Problem to work on ▸ Reproduce exactly, and only, the lines of the material below running from the line bearing "Movie The Maze" through the line bearing "Toyota Rav4 2024 for Sale in Dubai Image-6". Leave any pictures out.

Record excerpts ▸
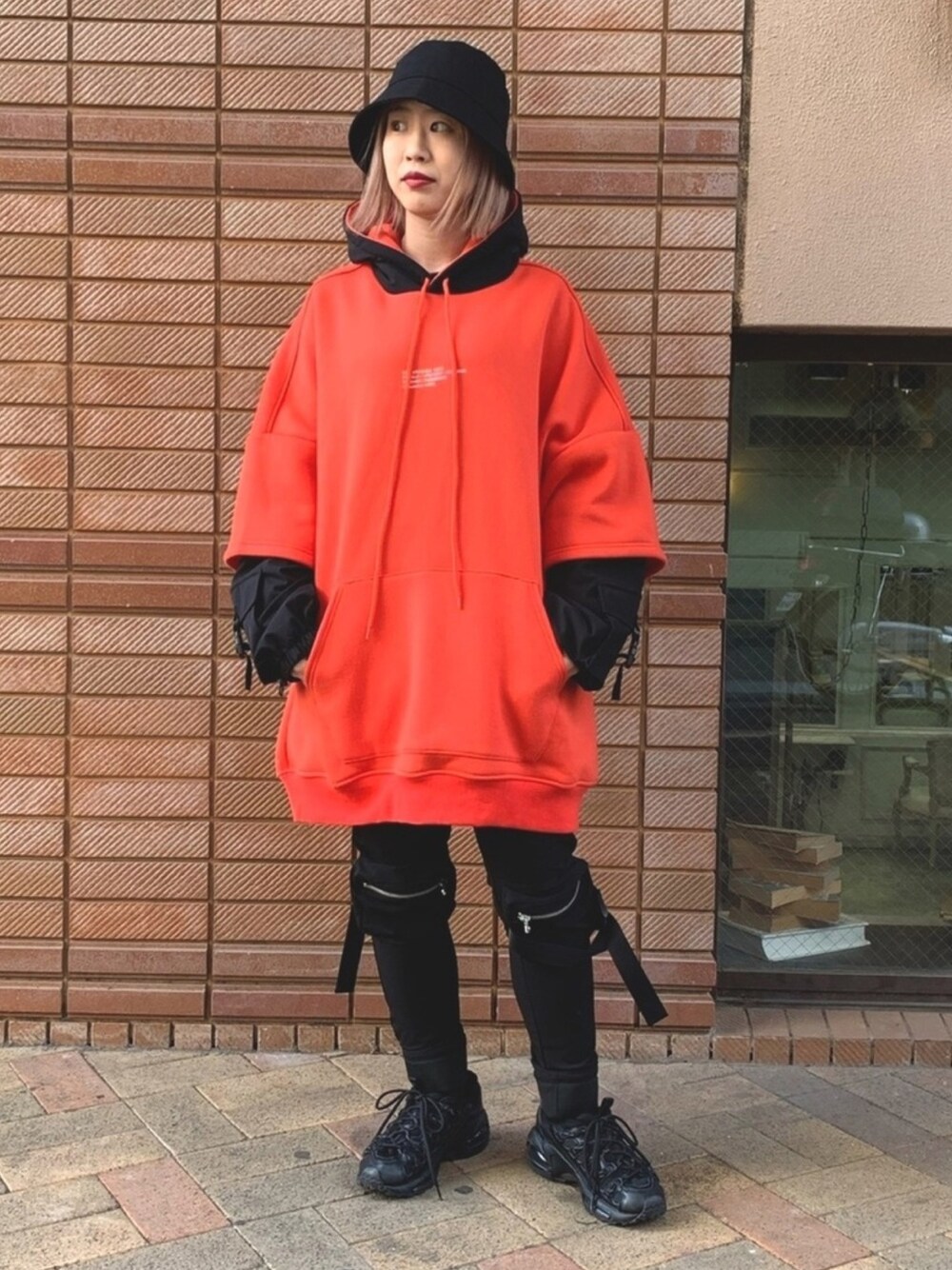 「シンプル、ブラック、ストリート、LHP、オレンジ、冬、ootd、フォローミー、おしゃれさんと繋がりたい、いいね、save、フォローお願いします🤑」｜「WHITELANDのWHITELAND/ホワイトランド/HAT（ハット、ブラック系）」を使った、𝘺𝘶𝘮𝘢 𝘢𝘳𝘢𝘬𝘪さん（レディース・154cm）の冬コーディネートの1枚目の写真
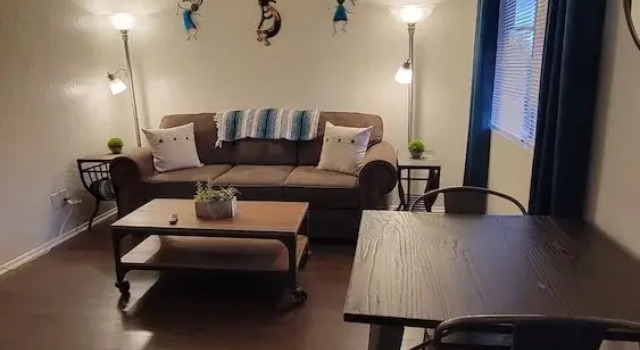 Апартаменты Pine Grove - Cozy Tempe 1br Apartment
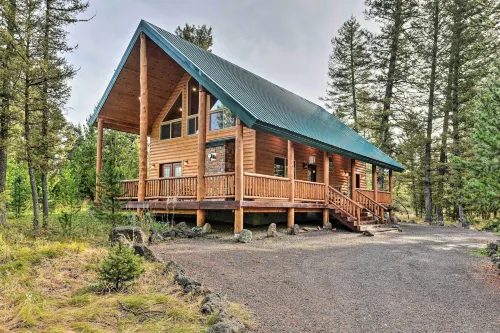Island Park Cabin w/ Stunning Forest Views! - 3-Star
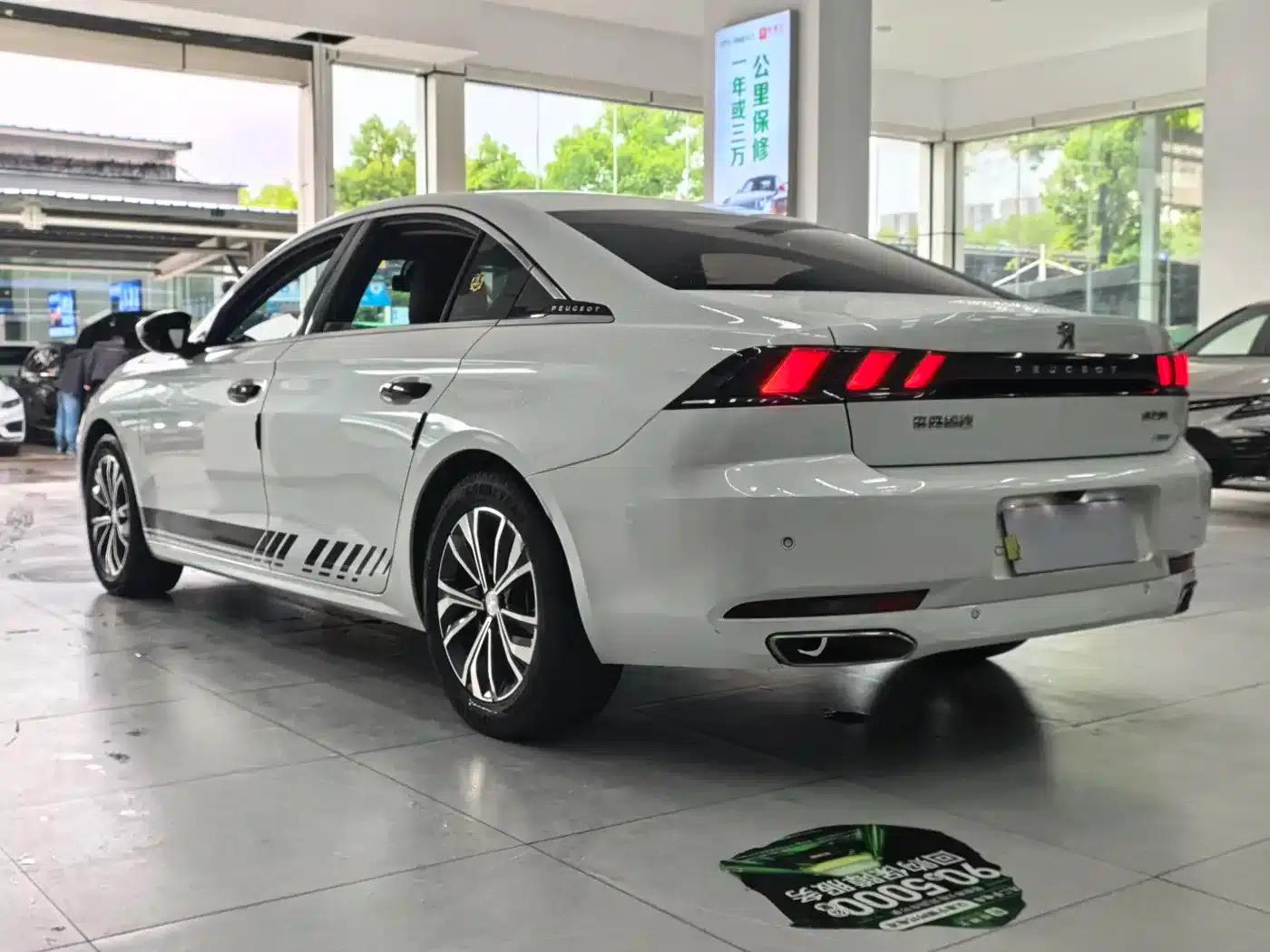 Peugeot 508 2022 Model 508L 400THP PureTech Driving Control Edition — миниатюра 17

---

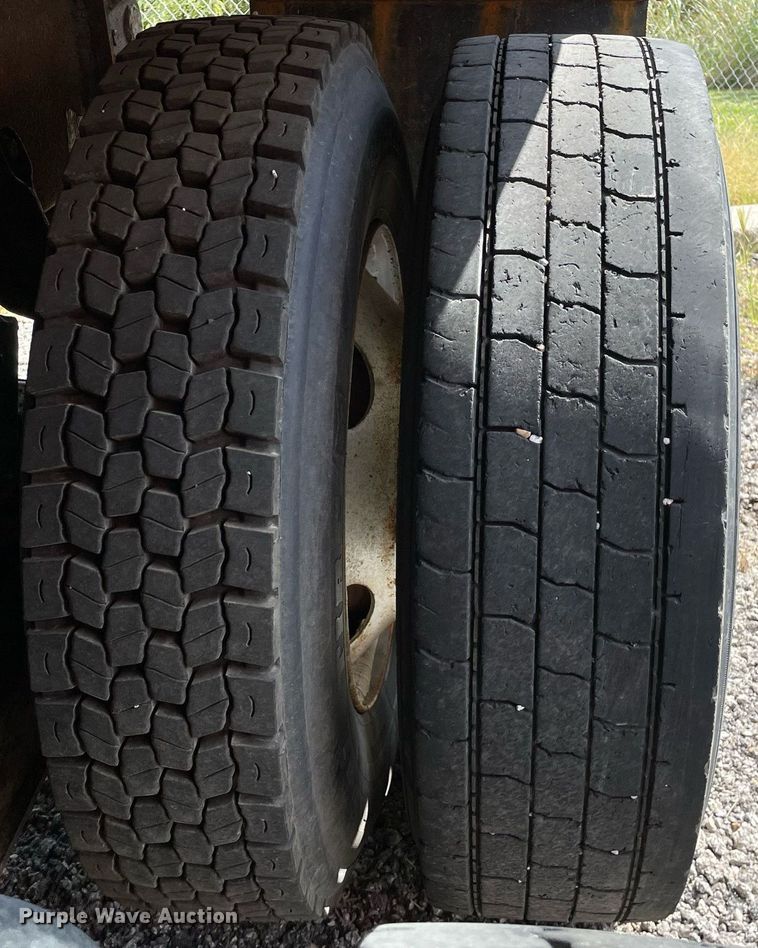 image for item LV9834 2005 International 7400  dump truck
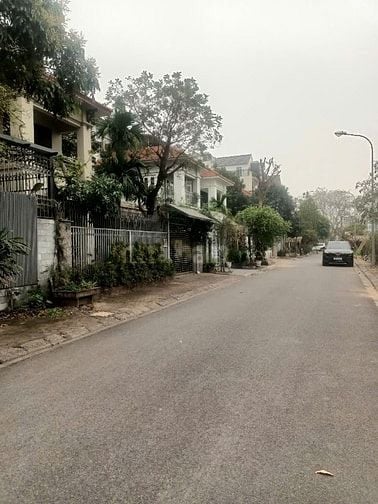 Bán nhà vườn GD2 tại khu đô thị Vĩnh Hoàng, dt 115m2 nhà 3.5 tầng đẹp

--

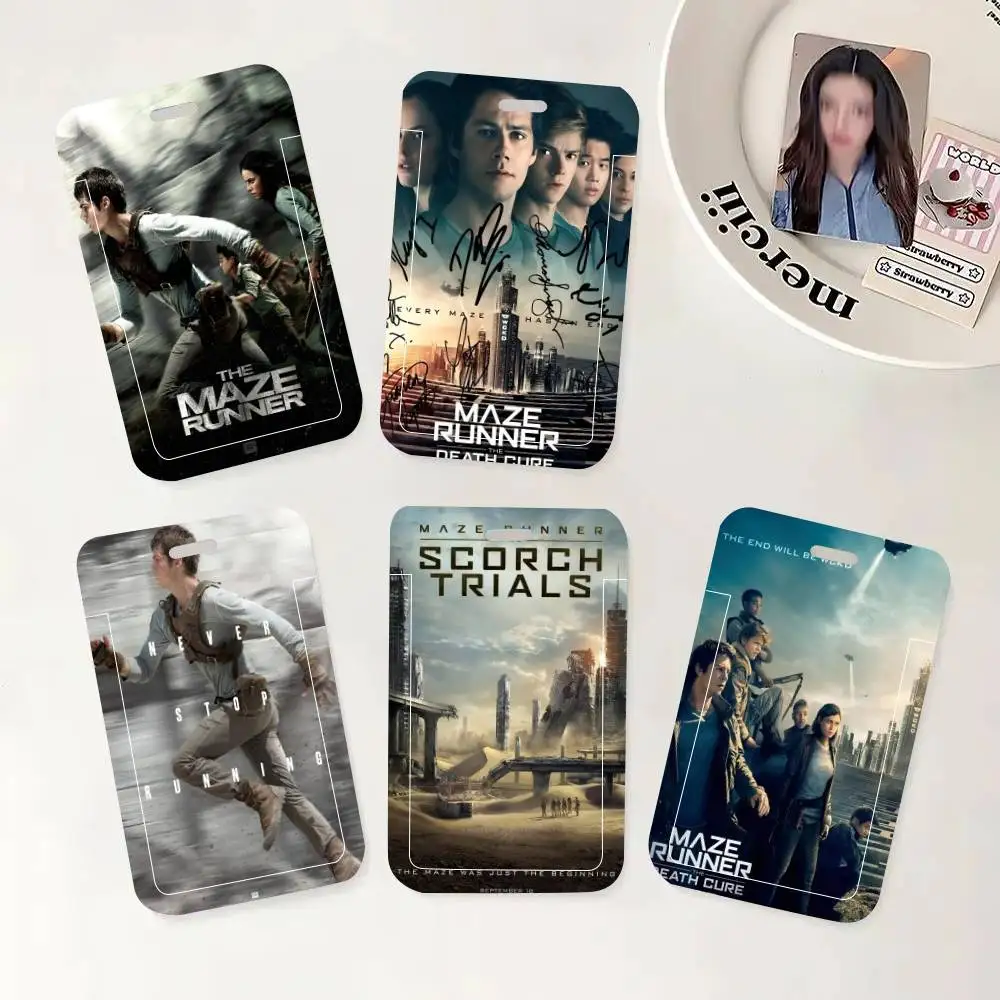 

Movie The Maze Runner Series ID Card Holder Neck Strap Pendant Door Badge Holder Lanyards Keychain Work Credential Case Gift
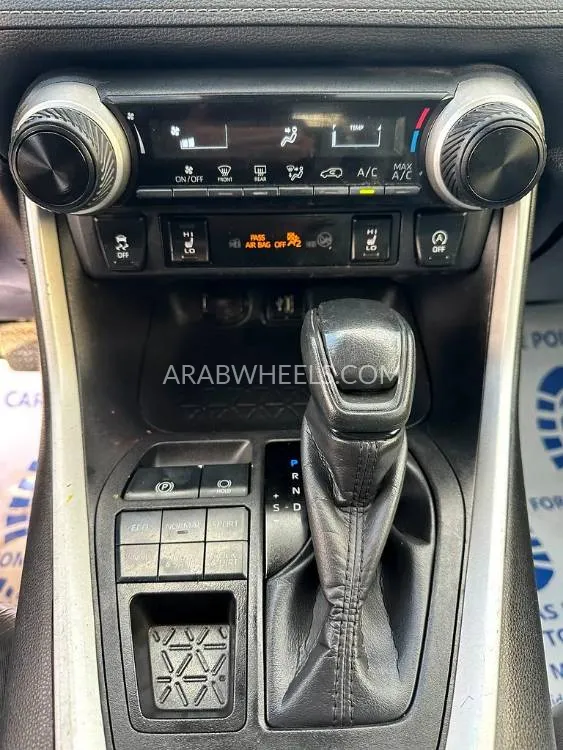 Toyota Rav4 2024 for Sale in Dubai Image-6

Output ▸
Movie The Maze Runner Series ID Card Holder Neck Strap Pendant Door Badge Holder Lanyards Keychain Work Credential Case Gift
 Toyota Rav4 2024 for Sale in Dubai Image-6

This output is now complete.